###
Succinct Suffix Arrays based on Run-Length Encoding.

####
Veli Mäkinen and Gonzalo Navarro

A succinct full-text self-index is a data structure built on a text
*T=t_1 t_2 ... t_n*, which takes little space (ideally close to that of the
compressed text), permits efficient search for the occurrences of a pattern
*P=p_1 p_2 ... p_m* in *T*, and is able to reproduce any text substring, so
the self-index replaces the text.
Several remarkable self-indexes have been developed in recent years. They
usually take space proportional to *n H_0* or *n H_k* bits, where *H_k* is the
*k*th order empirical entropy of *T*. The time to count how many times does
*P* occur in *T* ranges from *O(m)* to *O(m log n)*.
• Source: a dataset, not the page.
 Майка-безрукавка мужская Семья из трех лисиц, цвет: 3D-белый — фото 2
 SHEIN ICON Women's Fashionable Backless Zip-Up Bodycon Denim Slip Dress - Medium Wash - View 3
In this paper we present a new self-index, called RLFM index for "run-length
FM-index", that counts the occurrences of *P* in *T* in *O(m)* time when the
alphabet size is *sigma=O(polylog(n))*. The RLFM index requires
*n H_k log_2(sigma)+O(n)* bits of space for small *k*.
We then show how to implement the RLFM index in practice, and obtain in passing
another implementation with different space-time tradeoffs. We empirically
compare ours against the best existing implementations of other indexes and
show that ours are fastest among indexes taking less space than the text.